Now I just buy the cheapest ones I can find, wait until they get so bad it's embarrassing, which can be a long time since I don't have much company,
and then buy new ones. Honest.  That's the new trend isn't it---buy disposable stuff and just toss it in the landfills.  I don't like it, but nothing is made to last now.

If someone knows a better way, I'd be interested too.


----------



## Falcon (Nov 8, 2014)

All of mine are verticals; easier to clean.

 They DO make a brush for the minis I've seen in the ads.


----------



## Shirley (Nov 8, 2014)

I have a length of clothes line run from the edge of the carport to a utility pole nearby.  I hang mine across the line, spray with Mr. Clean, let sit for a few minutes,  and rinse with the water hose. I let them hang there until they dry then put them back up.

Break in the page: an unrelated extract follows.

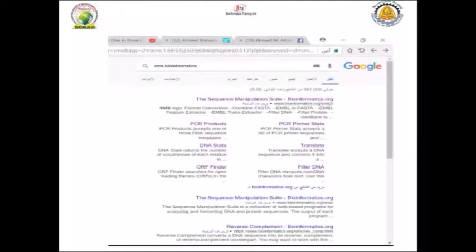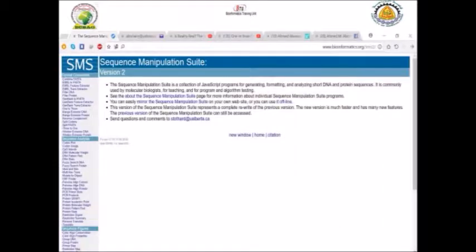To find the Sequence Manipulation Suite, just write in Google 'SMS bioinformatics' and the first hit will be the Sequence Manipulation Suite. On the left-hand side of the website, you will find the tools divided into different sections.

Easy peasy.


----------



## shedevil7953 (Nov 8, 2014)

Shirley, your method sounds the easiest.  Years ago I cleaned all 12 of mine slat by slat while they hung on the windows.  what a nightmare.  Then, one day at work I saw a truck called Robyn's Blind Cleaning.  I found the guy, got his card and the next spring called him.  At that time it was about $12/blind.  They took them down, put them in a sonic tub in their truck and when they come out they are sparkling and nearly dry.  They hang them back up, separate the slats and wipe them down.  I do it every other year and sure saves on my poor aching back, not to mention the bunion I 'earned' the year I tried cleaning them 'slat by slat' LOL!

They are aluminum but as they have aged some have broken the wand mechanisms and I haven't been able to find locally or online any that would match up in style or color.  When that happens, I buy the el cheapo vinyl ones too.


----------



## Shirley (Nov 8, 2014)

Now, *that*​ is the easy way to do it.


----------



## RadishRose (Nov 8, 2014)

Thankfully, I only have 2 mini blinds; one for a narrow hallway window and another for a kitchen window. I too, throw them away and replace; they are cheap.


----------



## GeorgiaXplant (Nov 12, 2014)

I always hung mine on the clothes line, sprayed with Mr. Clean, let sit, rinsed, let dry. Shirley is right, but if you don't have a clothesline (forbidden in some subdivisions), there must be another way short of throwing them out and buying new ones.

My blinds now are the 2" wide slat blinds...much easier to clean (thank heaven!).


----------



## Ralphy1 (Nov 13, 2014)

Yup, out they go after a few years as you can disguise the cruddy side by just changing the angle until both sides are bad and you are expecting company...


----------



## GeorgiaXplant (Nov 13, 2014)

Ralphy1 said:


> Yup, out they go after a few years as you can disguise the cruddy side by just changing the angle until both sides are bad and you are expecting company...



LOL...Ralphy's version of sweeping the dirt under the carpet. I've done that a time or two, but the carpet started getting big lumps underneath that showed on top. 

About the blinds, though...make sure you dust the window frame and sill so that you don't get cobwebs. Cobwebs show up when the light is right and can be really embarrassing...for instance, when the preacher comes to call or when you have friends over!


----------